Added GPU-accelerated PCA in ov.pp.pca() with MLX support for Apple Silicon MPS devices
Added TorchDR-based PCA acceleration in ov.pp.pca() for NVIDIA CUDA devices
Added smart device detection and automatic backend selection in init_pca() and pca() functions
Added graceful fallback to CPU implementation when GPU acceleration fails
Added enhanced verbose output with device selection information and emoji indicators
Added optimal component determination based on variance contribution thresholds in init_pca()
Added GPU-accelerated SUDE dimensionality reduction in ov.pp.sude() with MLX/CUDA support
Optimize the ov.pp.qc and added ribosome and hb-genes to know more information of data quantity.

Datasets Module#

Complete elimination of scanpy dependencies for faster loading
Added dynamo-style dataset framework with comprehensive collection
Added robust download system with progress tracking and caching
Added enhanced mock data generation with realistic structure
Added support for h5ad, loom, xlsx, and compressed formats

Agent Module#

Added multi-provider LLM support (OpenAI, Anthropic, Google, DeepSeek, Qwen, Moonshot, Grok, Zhipu AI)
Added natural language processing for both English and Chinese
Added code generation architecture with local execution
Added function registry system with multi-language aliases
Added smart API key management and provider-specific configuration

Bulk Module#

Added BayesPrime and Scaden to deconvoluted Bulk RNA-seq’s celltype proportion.
Added alignment to alignment the fastq to counts.

Single Module#

Added ov.single.Annotation and ov.single.AnnotationRef to annotate the cell type automatically.
Added ov.alignment.single to alignment the scRNA-seq to counts directly.

v 1.7.9#

Implemented smart lazy loading system that dramatically reduces import omicverse time by 85.6x (from ~16.57s to ~0.19s).

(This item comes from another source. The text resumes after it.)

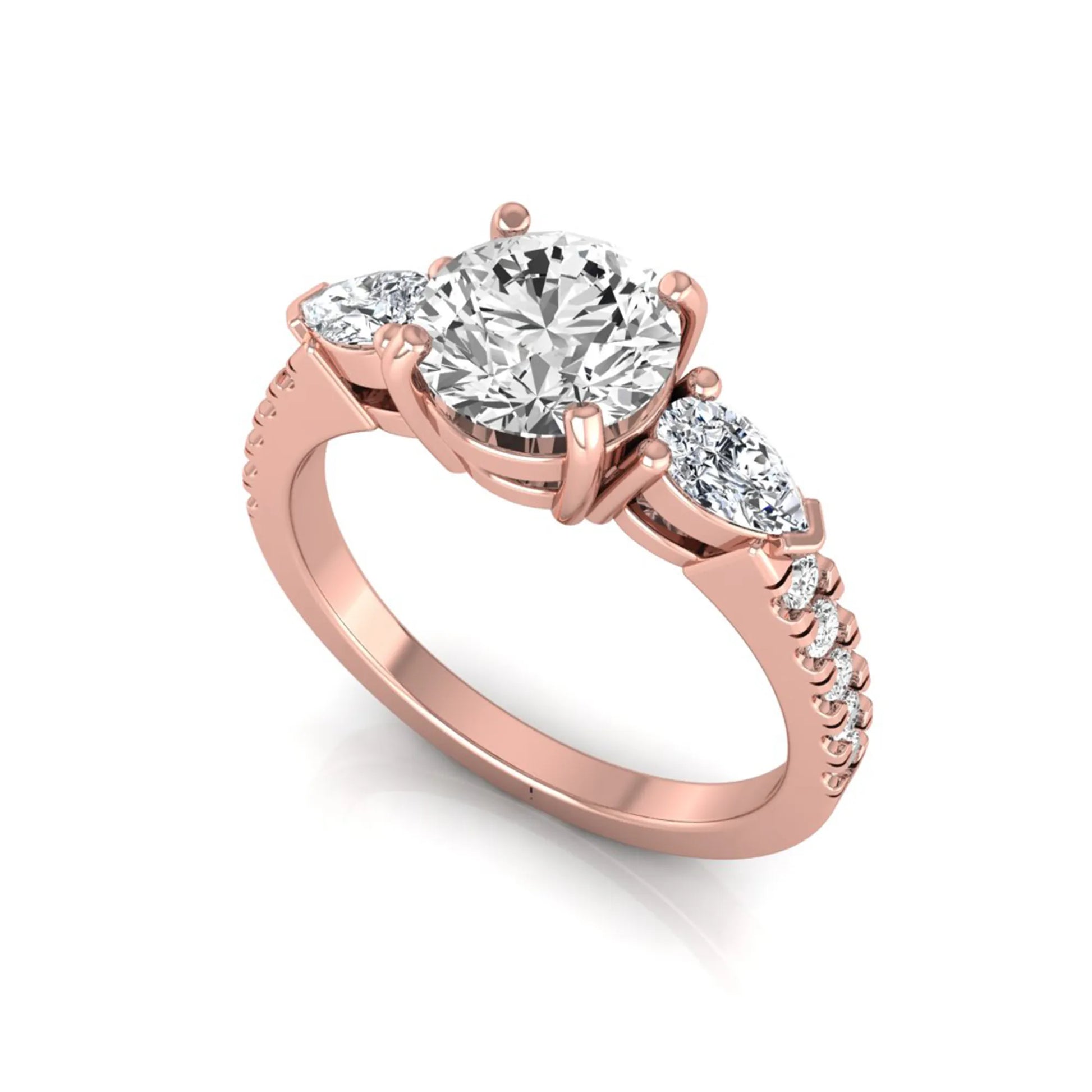 Round cut lab grown diamond three stone engagement ring featuring a 1.28 carat IGI certified center diamond with pear and round side diamonds on a pavé rose gold band.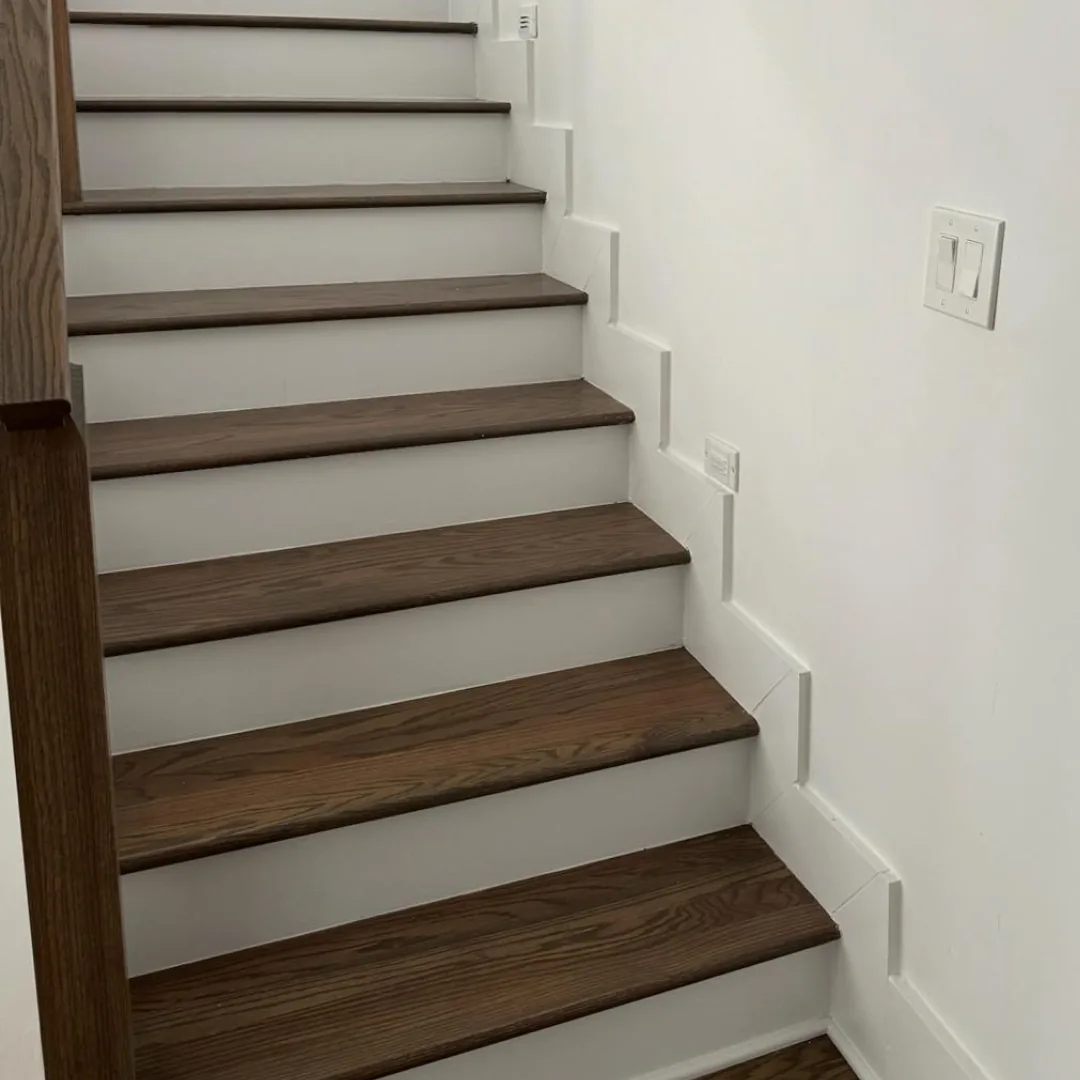 Hardwood stairs with white risers and trim.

Enhanced RNA-seq alignment workflow with comprehensive toolkit for FASTQ processing and counting. Optimized dataset management with nested directory creation for better organization.

Performance Optimization#

Lazy Loading System:

Implemented module-level lazy loading using __getattr__ mechanism for all major modules
Added attribute-level lazy loading for frequently-used functions (read, palette, Agent, etc.)
Introduced intelligent caching system to ensure instant access after first load
Reduced initial import time from 16.57 seconds to 0.19 seconds (85.6x speedup)
Maintained full backward compatibility - all existing code works without modification
Preserved complete IDE support with tab completion via __dir__() implementation
Fixed circular import issues by delaying settings module initialization
MkDocs API documentation generation fully compatible with lazy loading

Benefits for Users:

⚡ Instant startup for Jupyter notebooks and scripts
🎯 Load only what you use - modules imported on first access
💾 Reduced memory footprint for simple tasks
🔄 Second access is cached and instant (< 0.001s)

Alignment Module#

New Comprehensive RNA-seq Alignment Toolkit:

Added complete end-to-end workflow for processing raw sequencing data:

ov.alignment.prefetch: Download SRA datasets from NCBI with built-in retry logic
ov.alignment.fqdump: Convert SRA to FASTQ format with parallel processing support
ov.alignment.parallel_fastq_dump: High-performance parallel FASTQ extraction
ov.alignment.fastp: Quality control and adapter trimming for FASTQ files
ov.alignment.STAR: RNA-seq alignment using STAR aligner with customizable parameters
ov.alignment.featureCount: Gene-level read counting (renamed from count to avoid conflicts)
ov.alignment.single: One-command scRNA-seq alignment with kb-python (kallisto|bustools)
ov.alignment.ref: Build kallisto|bustools reference index for alignment
ov.alignment.count: Quantify gene expression from aligned reads

Key Features:

Unified API for both bulk RNA-seq (STAR + featureCount) and scRNA-seq (kb-python) workflows
Built-in support for RNA velocity analysis with kb-python
Parallel processing capabilities for faster data conversion
Automatic handling of paired-end and single-end reads
Technology-specific filtering for bulk vs single-cell data
Integration with SRA toolkit for seamless data download

Example Workflow:

# Download and process bulk RNA-seq
ov.alignment.prefetch('SRR1234567', output_dir='./data')
ov.alignment.fqdump('SRR1234567', output_dir='./fastq')
ov.alignment.fastp('sample_1.fastq.gz', 'sample_2.fastq.gz', output_prefix='clean')
ov.alignment.STAR(fastq1='clean_1.fastq.gz', fastq2='clean_2.fastq.gz',
                  genome_dir='./genome', output_prefix='aligned')
ov.alignment.featureCount(bam='aligned.bam', annotation='genes.gtf', output='counts.txt')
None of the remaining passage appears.